Dockès Jérome, Oudyk Kendra M, Torabi Mohammad, de la Vega Alejandro I, Poline Jean-Baptiste
National Institute for Research in Digital Science and Technology (INRIA), Paris, France.
Montreal Neurological Institute, McGill University, Montreal, Canada.
Elife. 2025 Sep 11;13:RP94909. doi: 10.7554/eLife.94909.

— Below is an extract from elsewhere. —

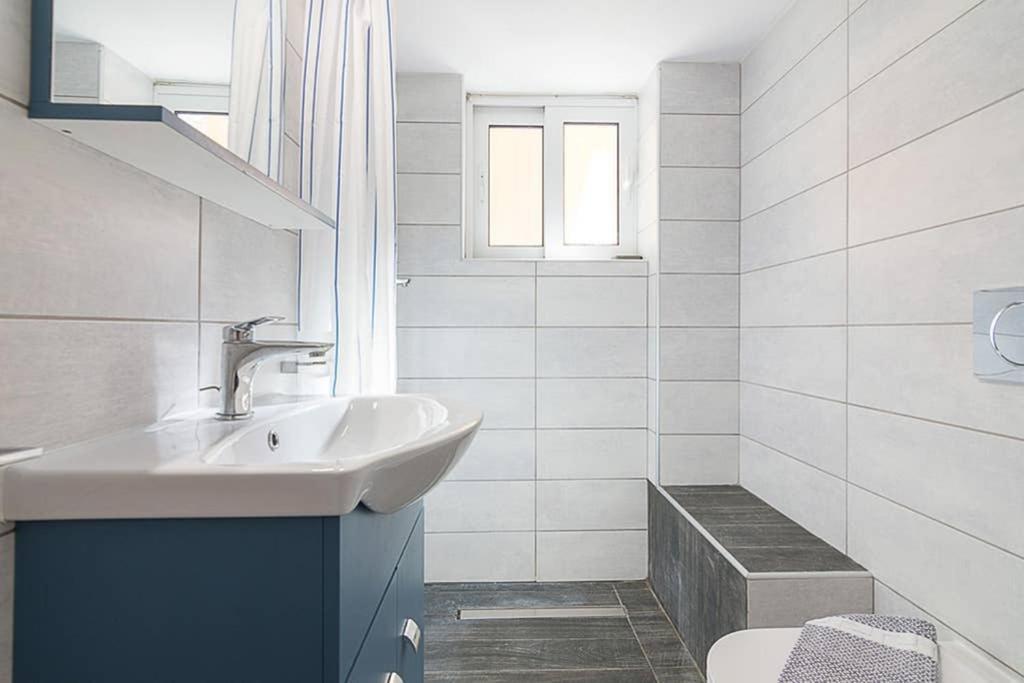Cozy Flat With 1 Bedroom Next To Metro Station Atena Exterior foto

Automated analysis of the biomedical literature () offers a rich source of insights. However, such analysis requires collecting a large number of articles and extracting and processing their content. This task is often prohibitively difficult and time-consuming. Here, we provide tools to easily collect, process, and annotate the biomedical literature. In particular, https://neuroquery.github.io/pubget/pubget.html is an efficient and reliable command-line tool for downloading articles in bulk from PubMed Central, extracting their contents and metadata into convenient formats, and extracting and analyzing information such as stereotactic brain coordinates. https://jeromedockes.github.io/labelbuddy/labelbuddy/current/ is a lightweight local application for annotating text, which facilitates the extraction of complex information or the creation of ground-truth labels to validate automated information extraction methods. Further, we describe repositories where researchers can share their analysis code and their manual annotations in a format that facilitates reuse. These resources can help streamline text mining and meta-science projects and make text mining of the biomedical literature more accessible, effective, and reproducible. We describe a typical workflow based on these tools and illustrate it with several example projects.
对生物医学文献进行自动化分析可提供丰富的见解来源。然而,这种分析需要收集大量文章并提取和处理其内容。这项任务通常极其困难且耗时。在此,我们提供了一些工具,可轻松收集、处理和注释生物医学文献。具体而言,https://neuroquery.github.io/pubget/pubget.html是一个高效且可靠的命令行工具,用于从美国国立医学图书馆生物医学文献数据库批量下载文章,将其内容和元数据提取为方便的格式,并提取和分析诸如立体定向脑坐标等信息。https://jeromedockes.github.io/labelbuddy/labelbuddy/current/是一个用于注释文本的轻量级本地应用程序,它有助于提取复杂信息或创建用于验证自动信息提取方法的真实标签。此外,我们还介绍了一些存储库,研究人员可以在其中以便于重用的格式共享他们的分析代码和手动注释。这些资源有助于简化文本挖掘和元科学项目,并使生物医学文献的文本挖掘更易于访问、更有效且可重复。我们描述了基于这些工具的典型工作流程,并通过几个示例项目进行说明。